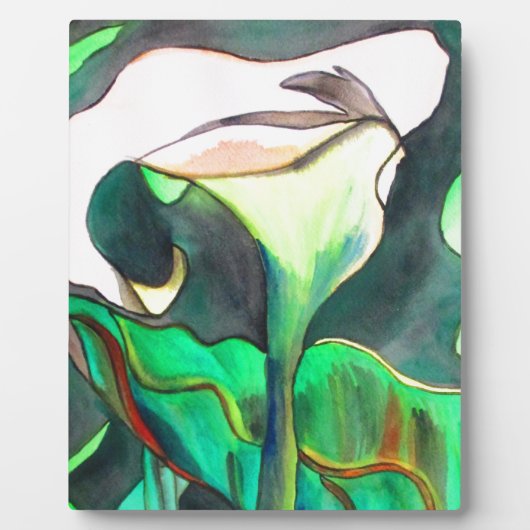 Arum Lily waterverf originele kunst schilderij Fotoplaat (Voorkant)
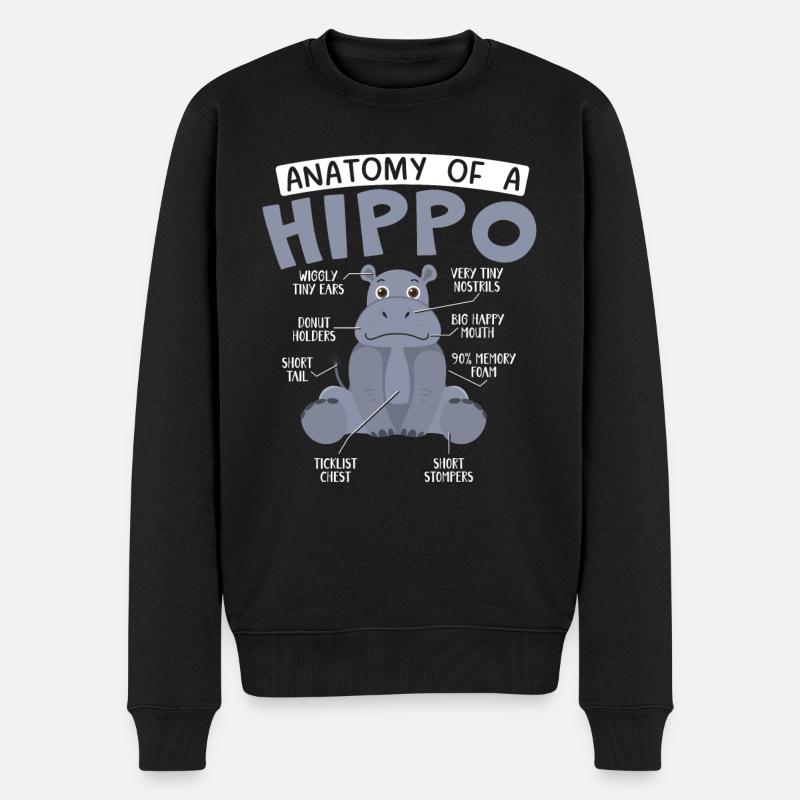 Anatomie eines Nilpferd-Tier-Nilpferd-Liebhabers - Männer Premium Bio Pullover - Schwarz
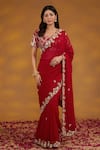 Buy_House Of Supriya_Red Georgette, Silk Embroidery, Gota Patti Floral Border Saree With Blouse _at_Aza_Fashions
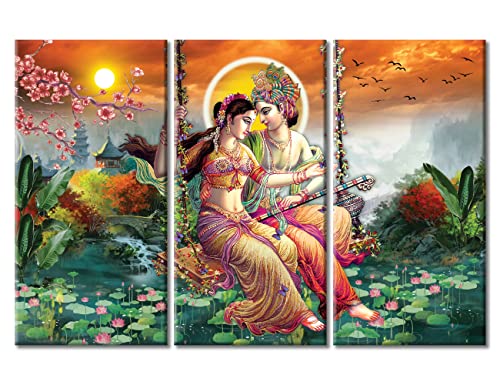 Hindu Lord Ganesha Modern Home Decor 3 Panels Radha Krishna Canvas Wall Art for Bedroom, Living Room, Office. Ganesha Canvas Paintings House Decor Stretched and Framed Ready to Hang (60"Wx40"H)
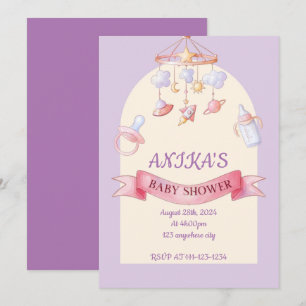 Convites Chá de fraldas roxo, rosa,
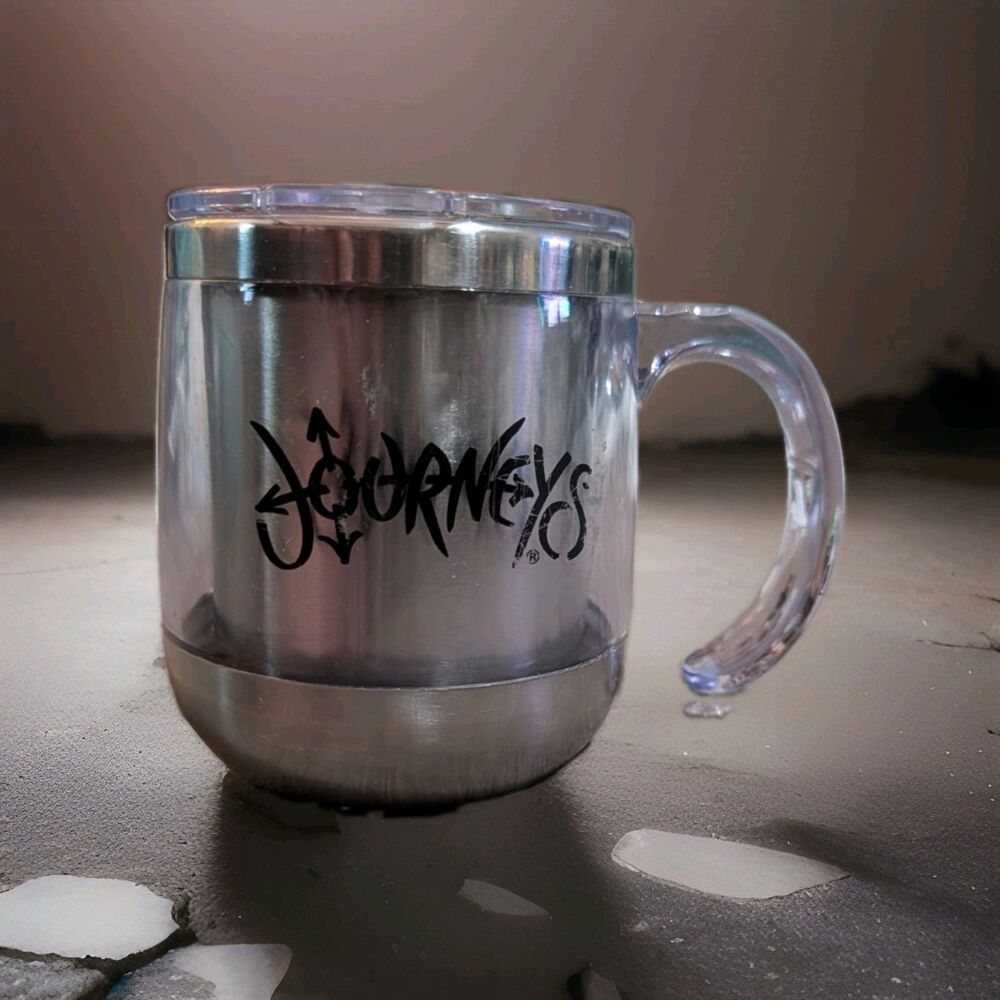 Vintage Journeys Promo Travel Desk Mug Stainless Steel Clear Handle Y2K 90s
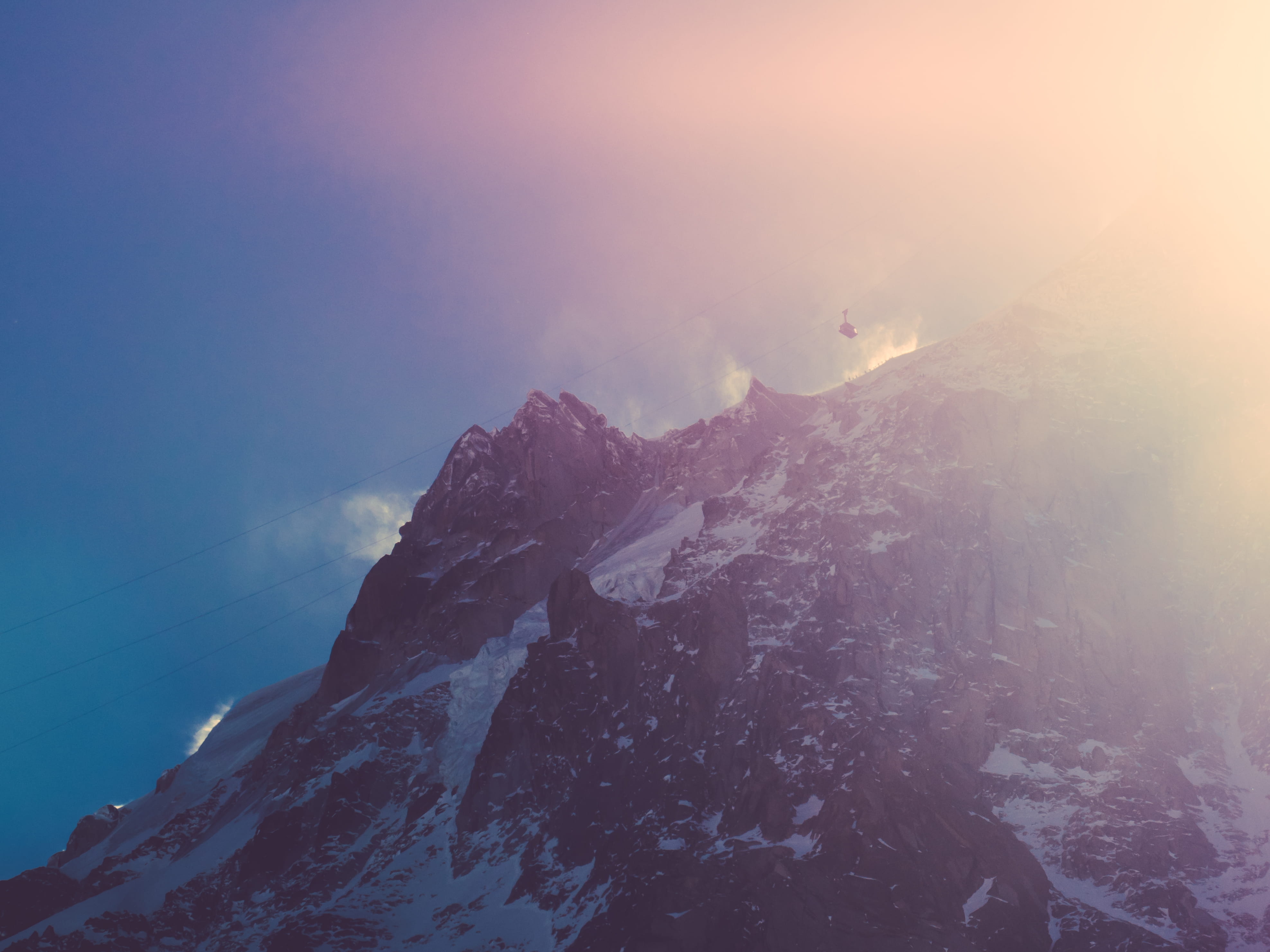 non-urban scene, fog, snowcapped mountain, snow, rock - object, scenics - nature, environment, peak, rock, mountain range, sky, bird, tranquility, skiers, HD Wallpaper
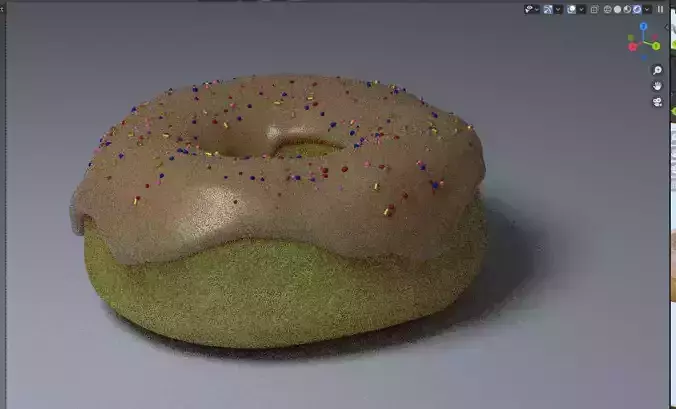 Donut 3d model with sprinkles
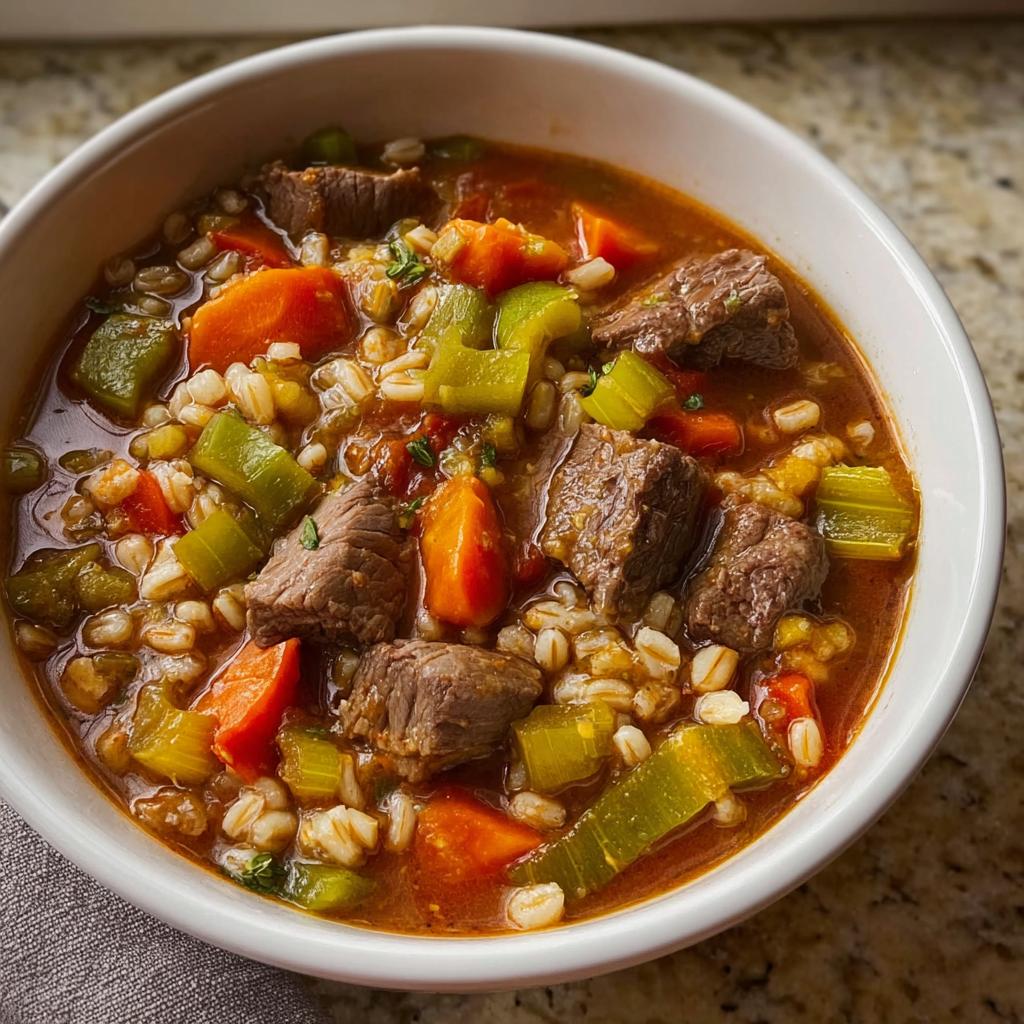 Close-up of a bowl filled with Hearty Beef and Vegetable Barley Soup, showing chunks of beef, carrots, celery, and barley in a rich broth.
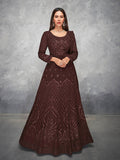 Myra Brown Georgette Embroidered Anarkali Suit | Grocsy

::::::::

### TASK PROMPT
From the line that contains "Donut 3d model with sprinkles" to the last line of the data, print each line exactly, both ends included, and omit the pictures.

### THE COMPLETED TASK
 Donut 3d model with sprinkles
 Close-up of a bowl filled with Hearty Beef and Vegetable Barley Soup, showing chunks of beef, carrots, celery, and barley in a rich broth.
 Myra Brown Georgette Embroidered Anarkali Suit | Grocsy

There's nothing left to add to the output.